• What you are asked to do: From the line that contains "Brother MFC-T4500DW All-in-One" down to the last line of the listing below, reproduce each line exactly but not the pictures.

___ Input data ___

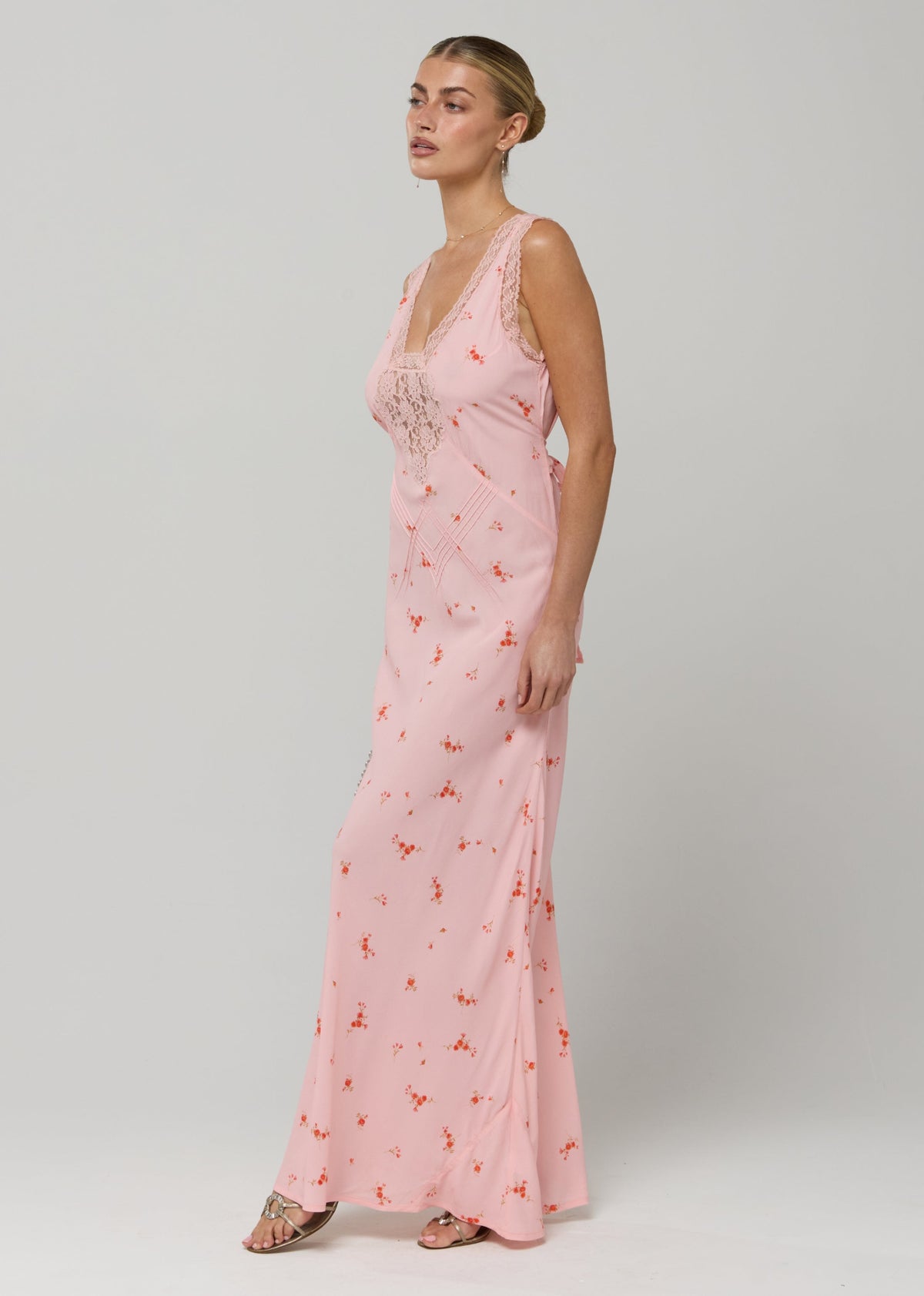 Aimee Dress in Sweet Pea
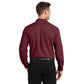 Port Authority® Long Sleeve Carefree Poplin Shirt - Burgundy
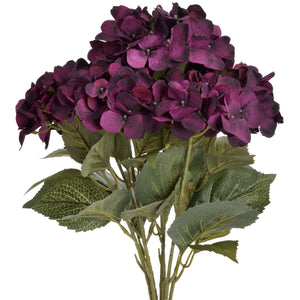 faux purple hydrangea bouquet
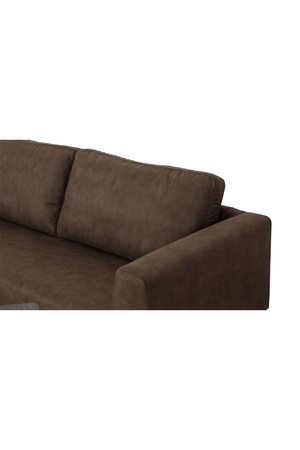 Brown Fabric Sofa | OROA Modern Jada | Oroa.com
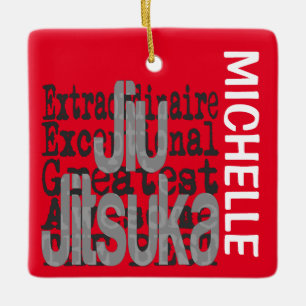 Jiu Jitsuka Extraordinaire CUSTOM Ceramic Ornament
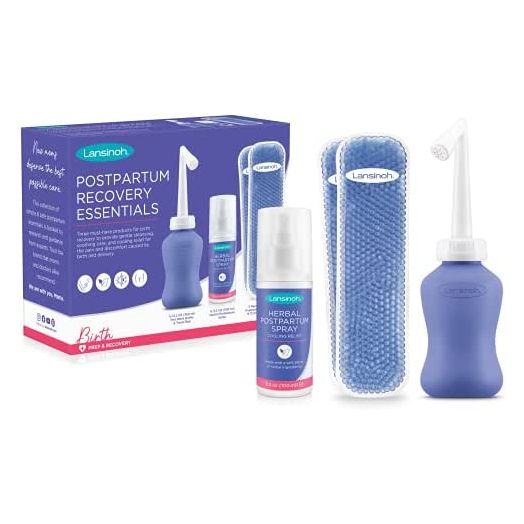 Lansinoh Postpartum Essentials Recovery Bundle, Postpartum Care Kit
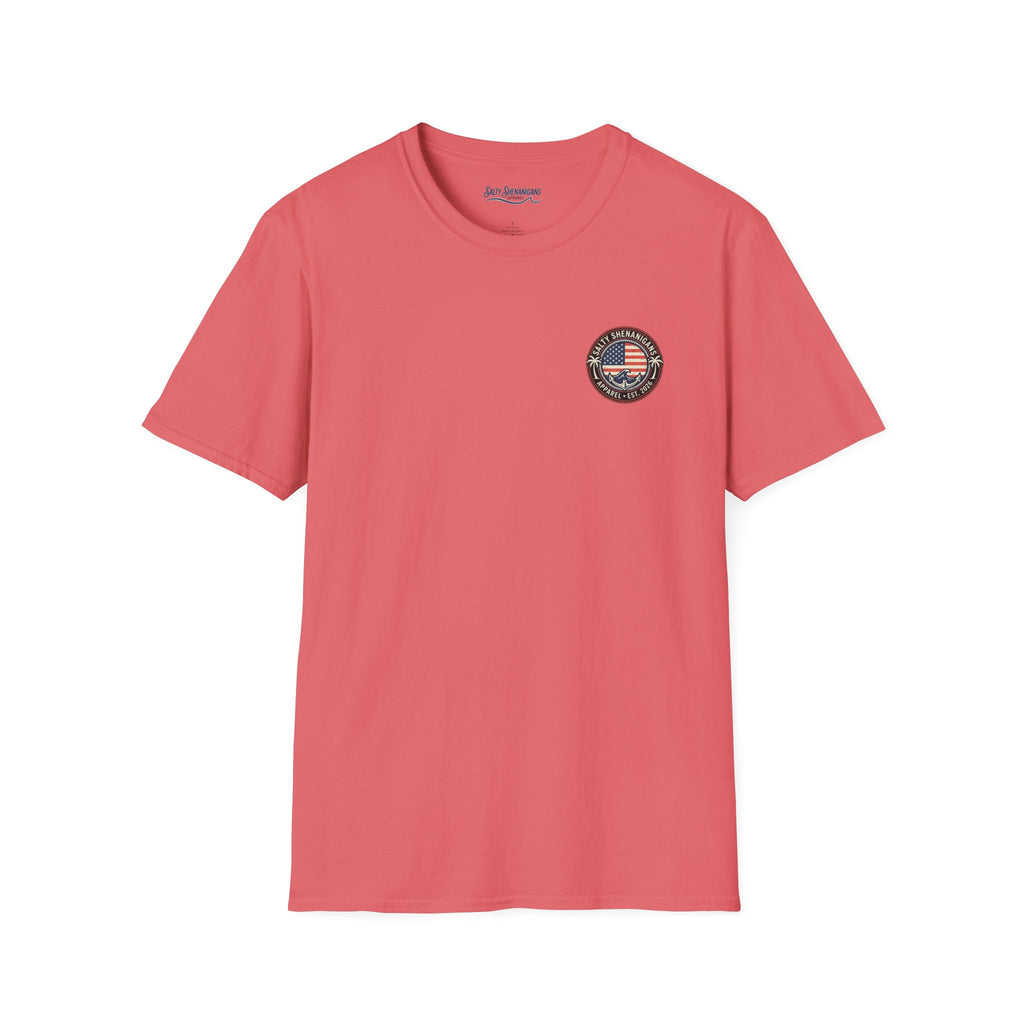 American Made Coastal Raised Patriotic T-Shirt Printify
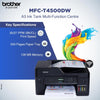 Brother MFC-T4500DW All-in-One Colour Inktank Refill System Printer with Wi-Fi and Auto Duplex Printing,Black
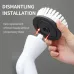 Electric Cleaning Brush Cordless 5W Motor Extendable Handle 5 or 6 Brush Heads ABS for Bathroom Kitchen Tile Floor Cleaning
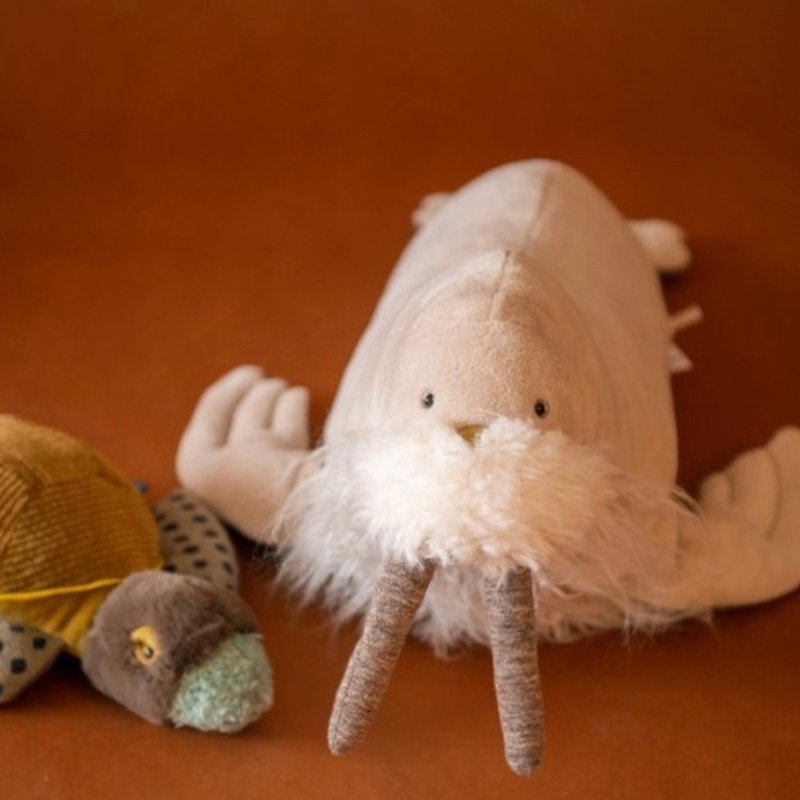 Moulin Roty, France, Fairytale Great Elephant 100cm - ของเล่นเด็ก - วัสดุอื่นๆ สีกากี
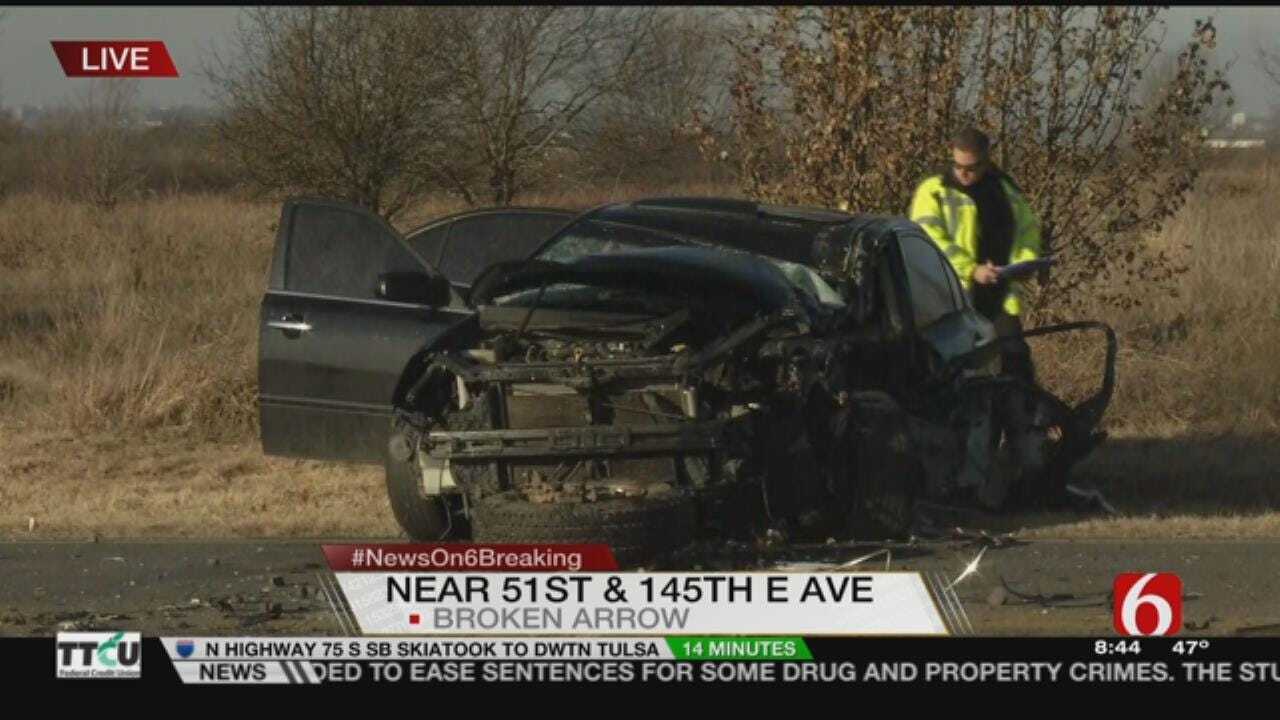 2 Teens Injured In Broken Arrow Crash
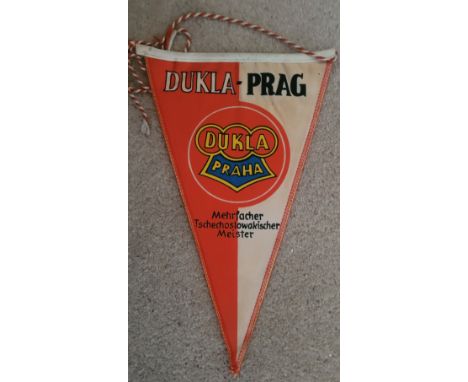 VINTAGE DUKLA PRAGUE PENNANT
6 x 9.5 Inches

___

• Written answer:
 Brother MFC-T4500DW All-in-One Colour Inktank Refill System Printer with Wi-Fi and Auto Duplex Printing,Black
 Electric Cleaning Brush Cordless 5W Motor Extendable Handle 5 or 6 Brush Heads ABS for Bathroom Kitchen Tile Floor Cleaning
 Moulin Roty, France, Fairytale Great Elephant 100cm - ของเล่นเด็ก - วัสดุอื่นๆ สีกากี
 2 Teens Injured In Broken Arrow Crash
 VINTAGE DUKLA PRAGUE PENNANT
6 x 9.5 Inches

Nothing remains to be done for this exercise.